#### DATA
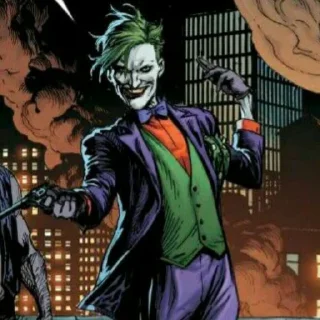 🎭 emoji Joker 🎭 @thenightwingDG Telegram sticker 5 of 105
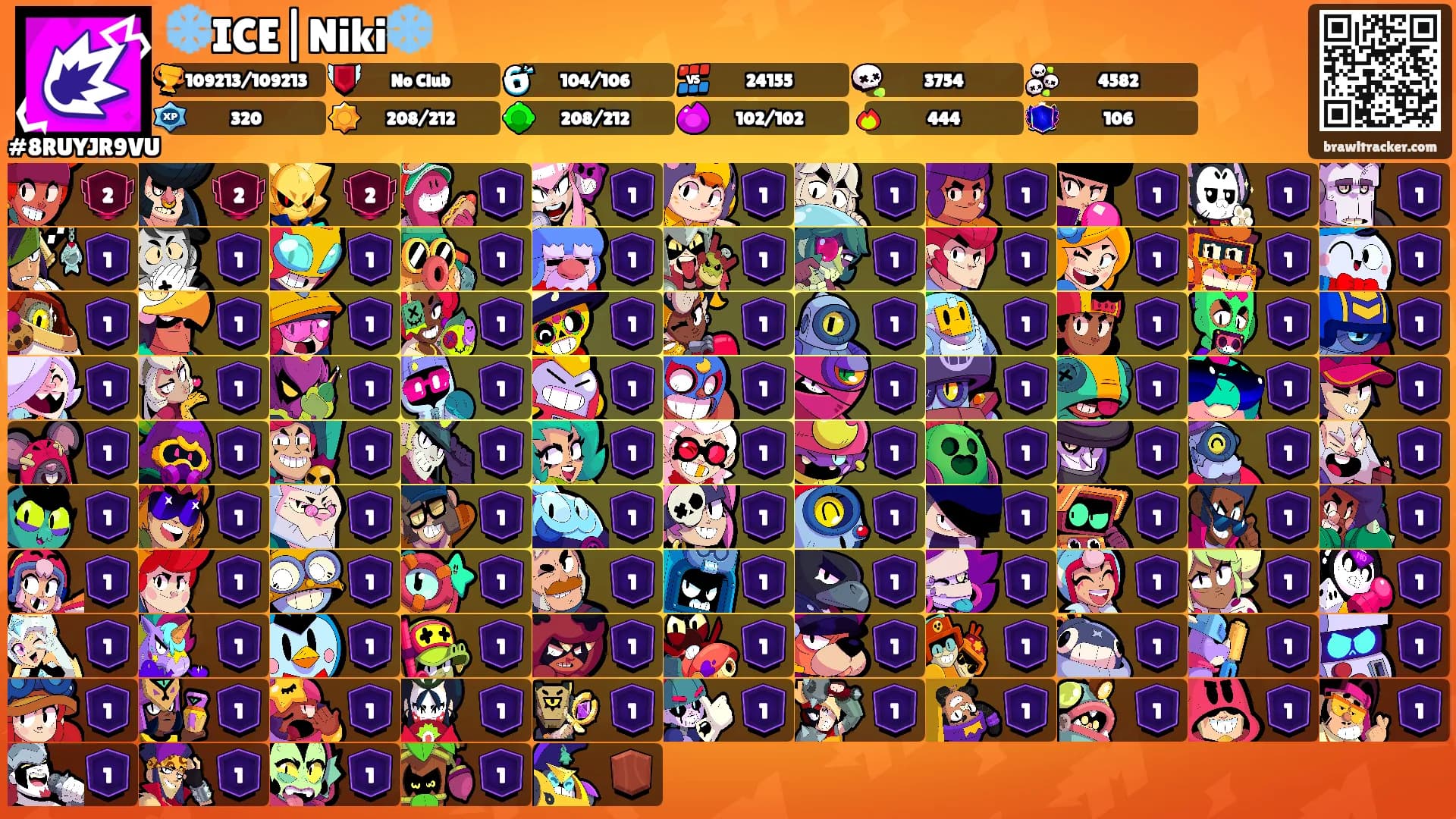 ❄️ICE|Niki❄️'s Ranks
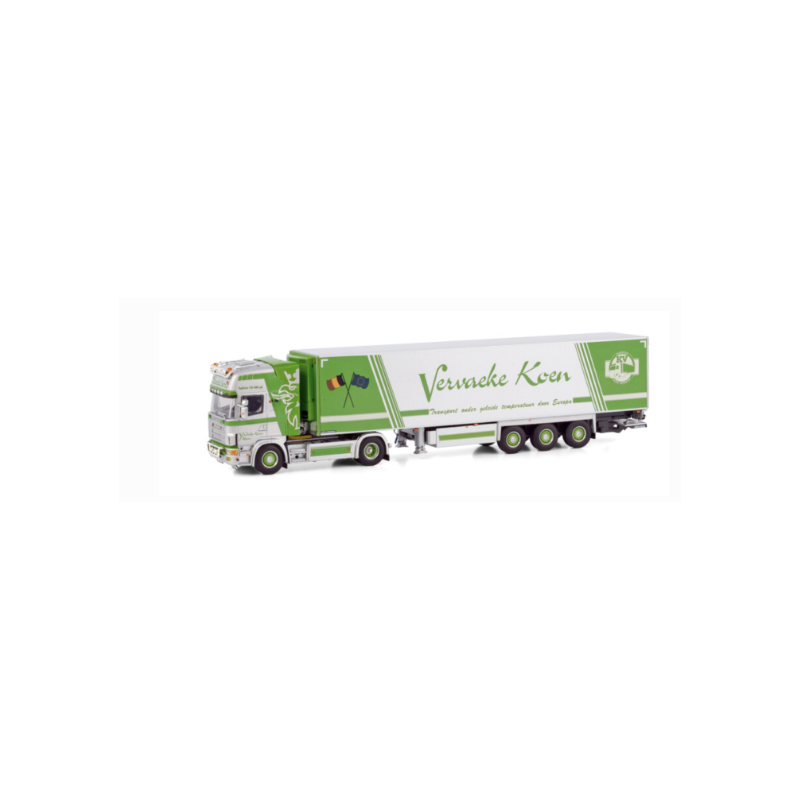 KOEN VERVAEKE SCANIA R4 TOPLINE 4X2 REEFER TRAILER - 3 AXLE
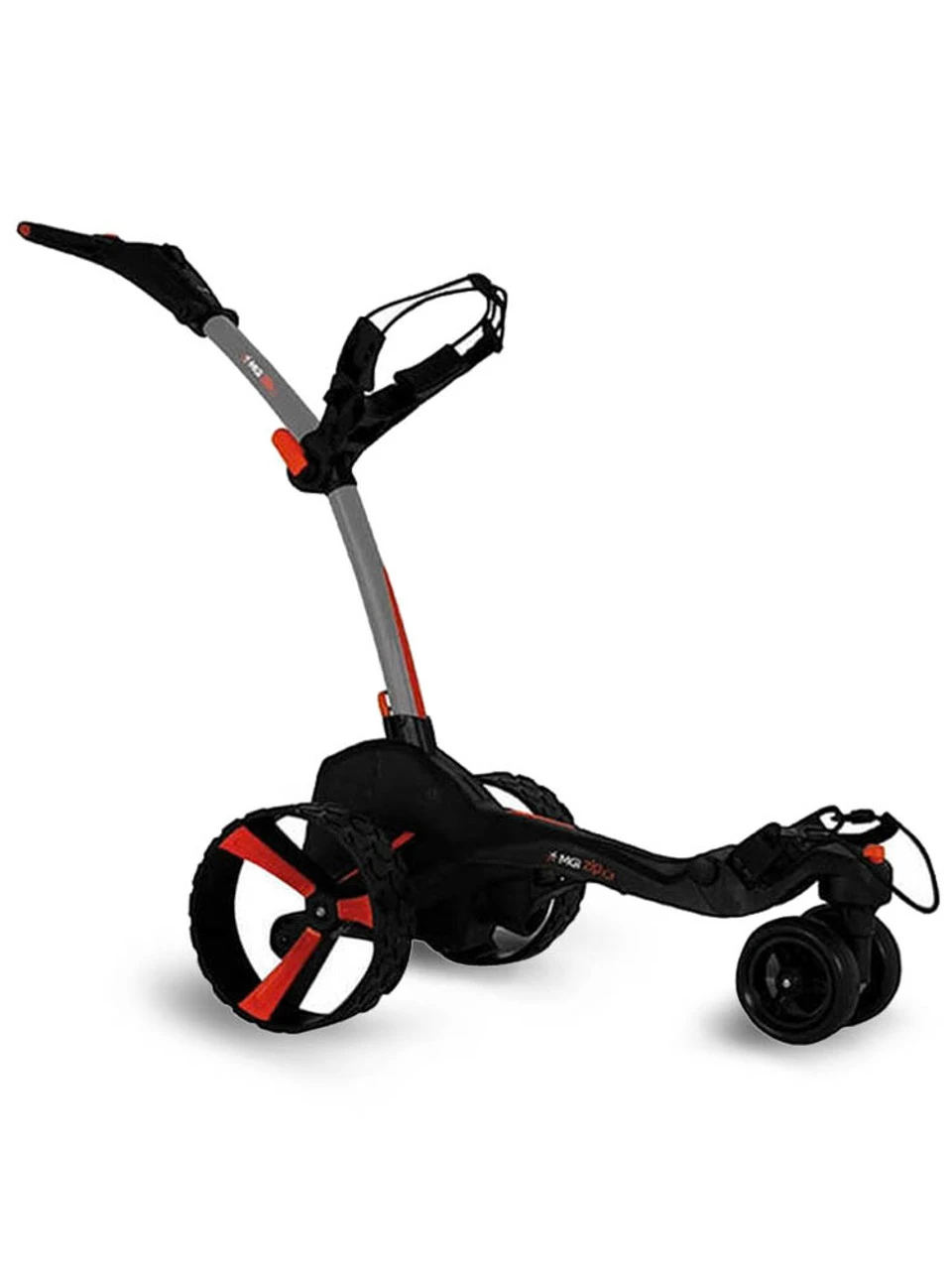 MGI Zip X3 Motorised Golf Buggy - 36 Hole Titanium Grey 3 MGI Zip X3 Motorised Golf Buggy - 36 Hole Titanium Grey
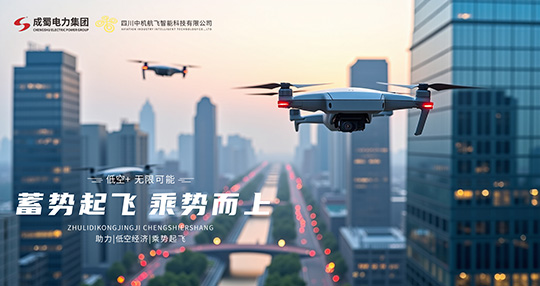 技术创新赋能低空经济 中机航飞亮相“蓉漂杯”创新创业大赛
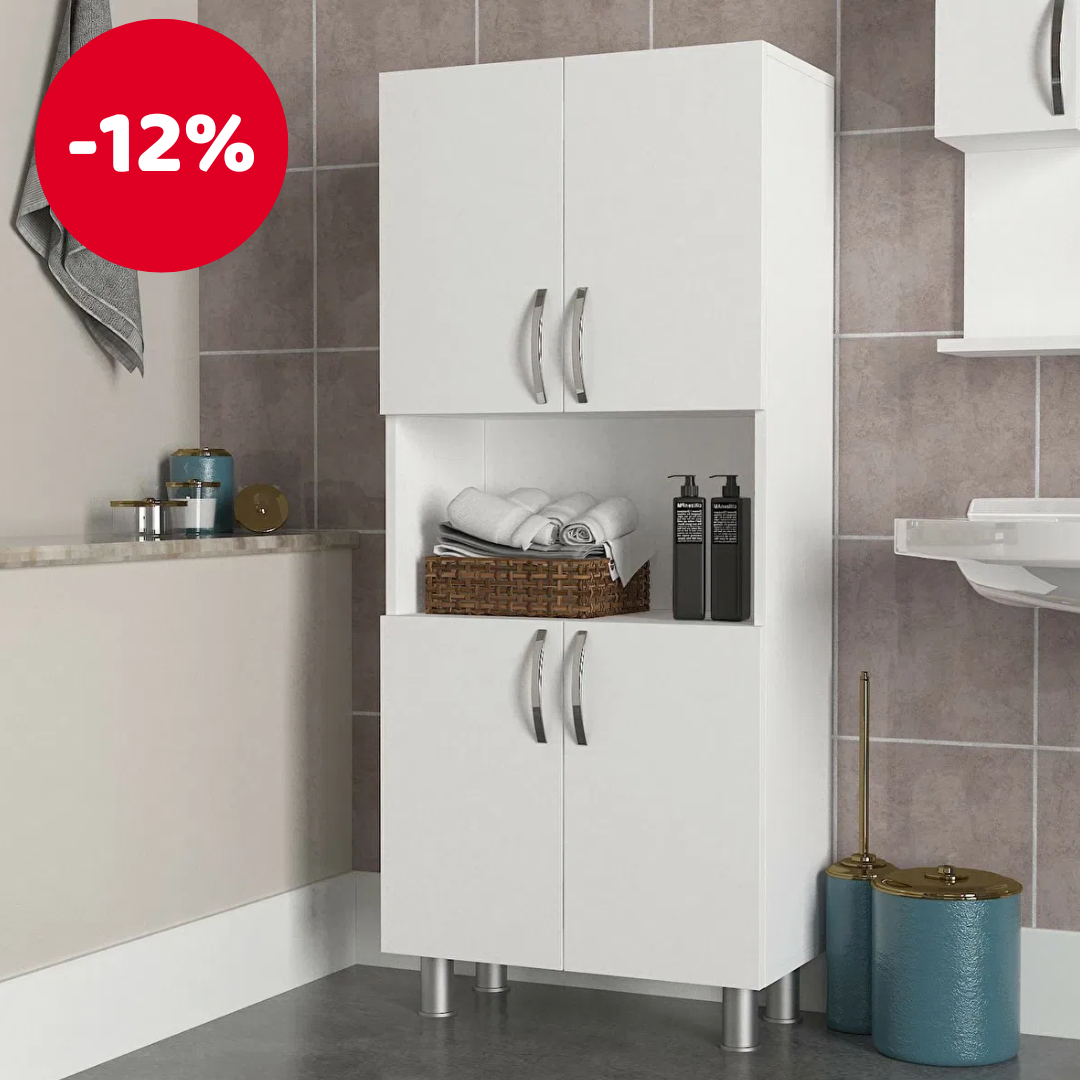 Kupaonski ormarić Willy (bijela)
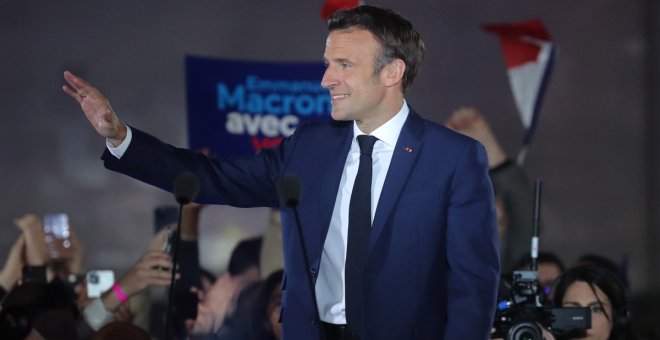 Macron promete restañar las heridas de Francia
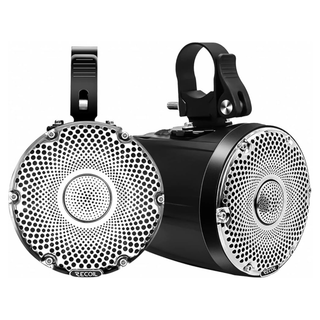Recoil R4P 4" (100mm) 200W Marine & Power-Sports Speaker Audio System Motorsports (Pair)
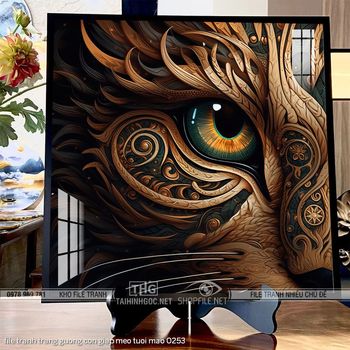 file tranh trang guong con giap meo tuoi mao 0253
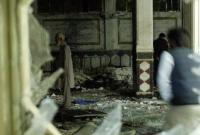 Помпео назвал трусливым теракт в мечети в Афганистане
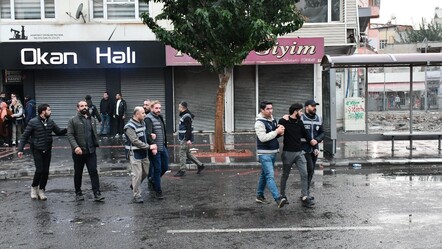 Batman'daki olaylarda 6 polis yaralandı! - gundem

#### WHAT TO DO
Your task is to reproduce all of the material exactly. The pictures stay out.

#### FINISHED TASK
 🎭 emoji Joker 🎭 @thenightwingDG Telegram sticker 5 of 105
 ❄️ICE|Niki❄️'s Ranks
 KOEN VERVAEKE SCANIA R4 TOPLINE 4X2 REEFER TRAILER - 3 AXLE
 MGI Zip X3 Motorised Golf Buggy - 36 Hole Titanium Grey 3 MGI Zip X3 Motorised Golf Buggy - 36 Hole Titanium Grey
 技术创新赋能低空经济 中机航飞亮相“蓉漂杯”创新创业大赛
 Kupaonski ormarić Willy (bijela)
 Macron promete restañar las heridas de Francia
Recoil R4P 4" (100mm) 200W Marine & Power-Sports Speaker Audio System Motorsports (Pair)
 file tranh trang guong con giap meo tuoi mao 0253
 Помпео назвал трусливым теракт в мечети в Афганистане
 Batman'daki olaylarda 6 polis yaralandı! - gundem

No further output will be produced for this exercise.